One might think at first glance that Sharon Auberle’s Crow Ink is an unruffled look into ornithology and the magnificence behind the birds she observes throughout her collection of poems, but an open mind and an introspective look into human emotion allows the reader to find a deeper understanding behind her words.
Without a doubt, this nature lover finds fascination with these winged beauties and uses their uninhibited presence to complement her spiritual experience of love, anger, and relationship as in The Day We Saw the Eagles. After witnessing a pair of these soaring wonders “…seeming to touch the sun/,” the poet observes, “Once you’ve seen this, you’ve been blessed/ and there’s nothing left but to fall together/back into the fire, melt the ice,/ consume the angry words,/ begin again that spinning freefall,/ locked together in the fierceness of loving.”
As Ms.
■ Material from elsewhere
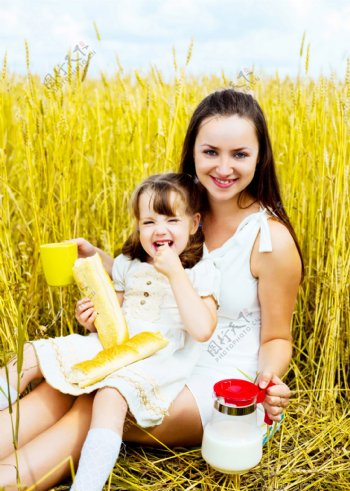 金黄麦田上的幸福母女图片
Auberle reflects on her personal existence, readers can’t help but glance back on their own as she invites her audience on a guided tour of one particular sensational day in her life. In 2/20/2000, Sharon cites, “On this day I’m possibilities, as well as memories./ I am this poem and poetry yet to be written./ I’m wind and light and sun, shadow, eagle and crow./ Today I’m the hours and minutes of my life,/ tumbling through space, like ravens/ riding the updrafts, then freefalling/ down dark, dark canyons.”
Ms. Auberle masterfully weaves imagery, passion and respectability as wildlife and humanity bond. In Walking a Snowy Road, Sharon reflects, “I see myself-sixty-something,/ carrying a wing down a road near dark…/ this is a poem I think./ So is the one-winged carcass/ buried somewhere in the snow./ So too the shaggy beast, licking its bloodied paws.”
Poetry can turn strangers into familiar faces as poet and reader share common experiences through the power of words. Sharon Auberle is good at that and sprinkles healthy doses of spirituality and personal suggestion for leading wholesome and self-actualized lives. In Wild Geese, she advises us to consider these birds to “Take a moment – listen hard,/ heed their soul-song,/ embrace its echo in your heart./ Do not simply watch/ the birds disappear/ bearing, for yet another year,/ your unfulfilled passion on their backs.”
Immersed between two covers featuring a black and white crow, the poetry in Crow Ink is sure to stroke the nature lover in every reader offering a cornucopia of bird references that is sure to delight the bird enthusiast and turn those of us with less experience into bird watchers from our very own home.